### Exercise instructions
Retype only what runs from the first line of the records to the line with "REMIX 2000 LITTLE", inclusive, and no pictures.

━━ Records to process ━━

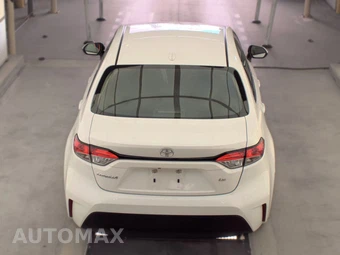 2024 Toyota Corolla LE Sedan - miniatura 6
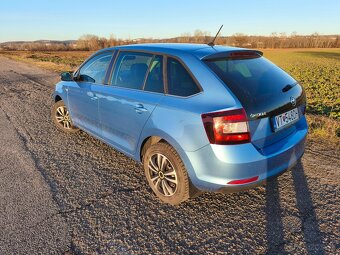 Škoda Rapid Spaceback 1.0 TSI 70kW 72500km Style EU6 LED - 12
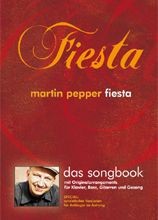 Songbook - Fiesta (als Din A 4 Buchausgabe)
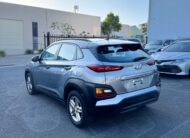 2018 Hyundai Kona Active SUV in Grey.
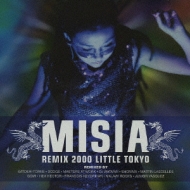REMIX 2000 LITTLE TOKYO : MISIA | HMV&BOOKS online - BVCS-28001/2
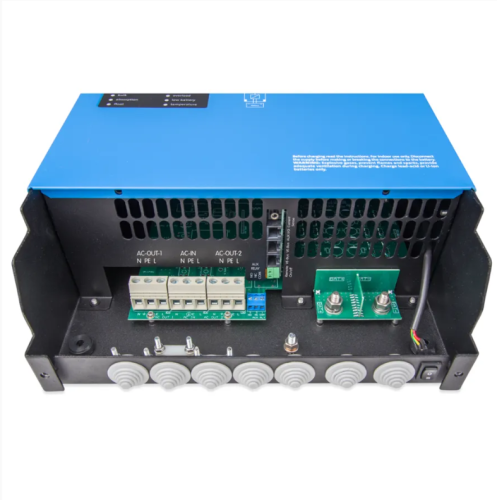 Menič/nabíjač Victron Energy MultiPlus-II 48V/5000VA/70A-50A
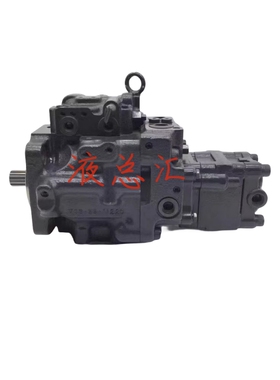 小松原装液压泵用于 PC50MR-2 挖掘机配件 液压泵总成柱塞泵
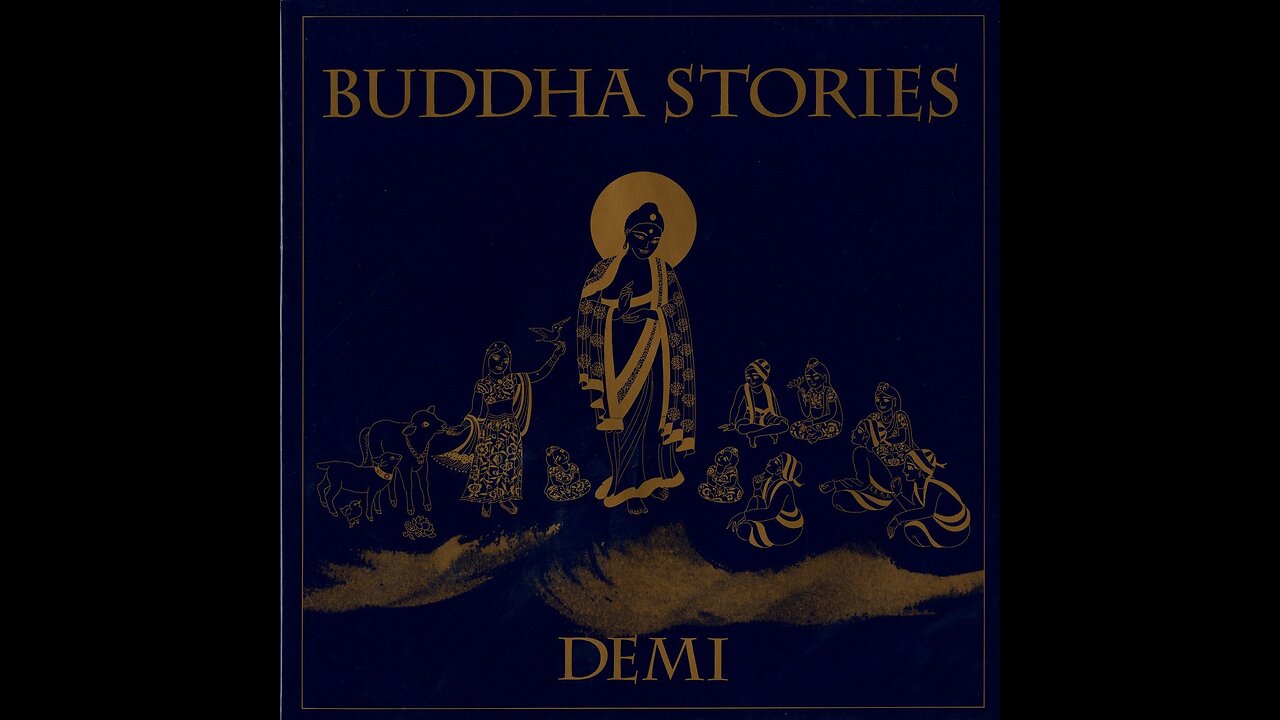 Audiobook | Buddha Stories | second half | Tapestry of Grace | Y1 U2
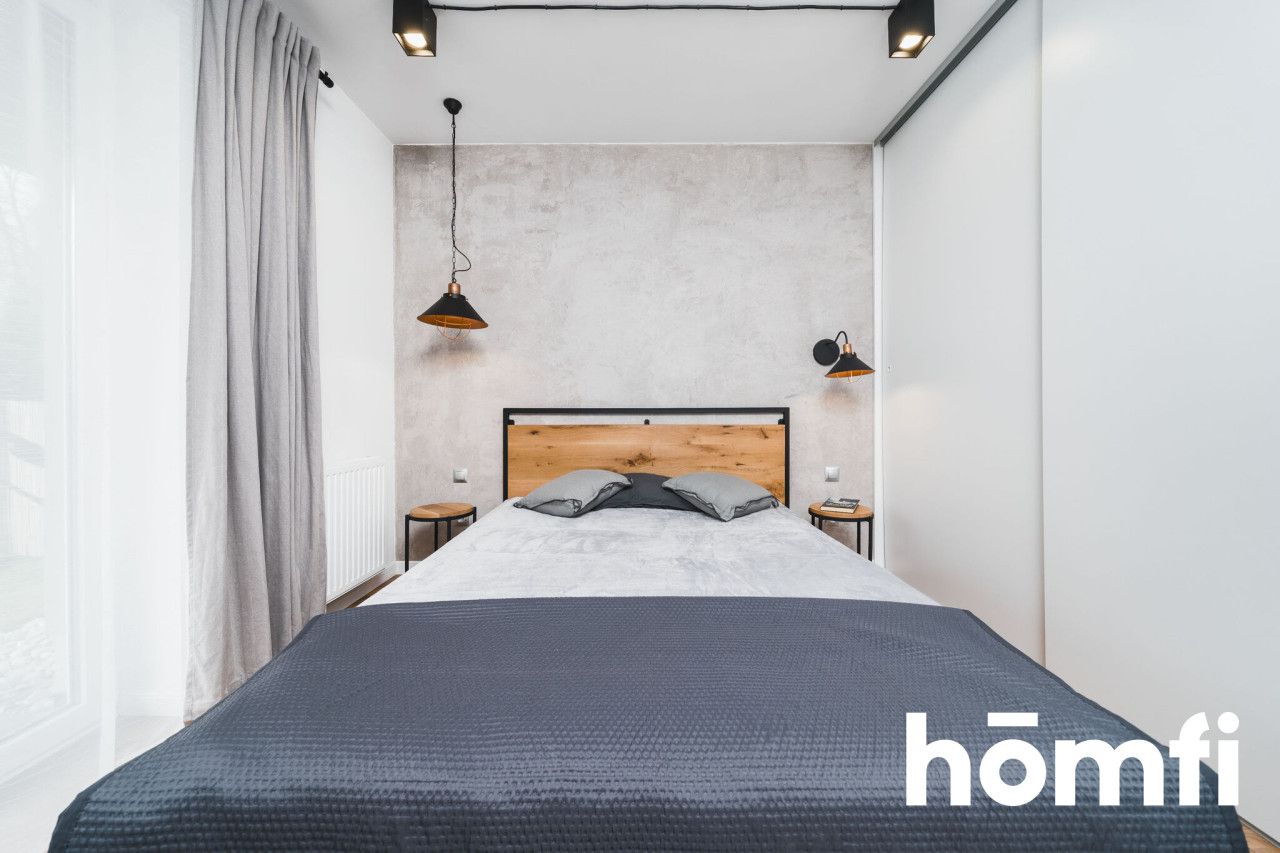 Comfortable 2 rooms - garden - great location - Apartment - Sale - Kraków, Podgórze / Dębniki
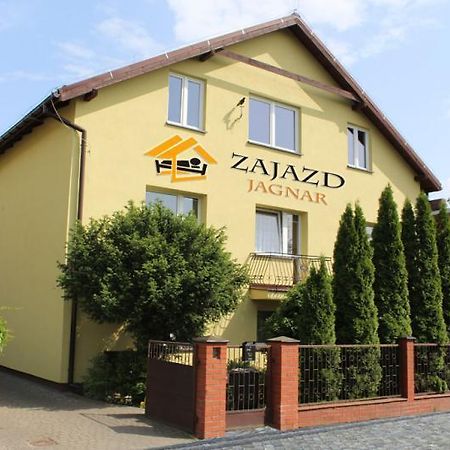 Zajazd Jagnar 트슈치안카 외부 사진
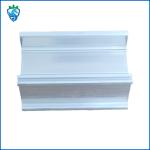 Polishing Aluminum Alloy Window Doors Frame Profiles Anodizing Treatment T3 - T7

━━━

### Written response
 2024 Toyota Corolla LE Sedan - miniatura 6
 Škoda Rapid Spaceback 1.0 TSI 70kW 72500km Style EU6 LED - 12
 Songbook - Fiesta (als Din A 4 Buchausgabe)
 2018 Hyundai Kona Active SUV in Grey.
REMIX 2000 LITTLE TOKYO : MISIA | HMV&BOOKS online - BVCS-28001/2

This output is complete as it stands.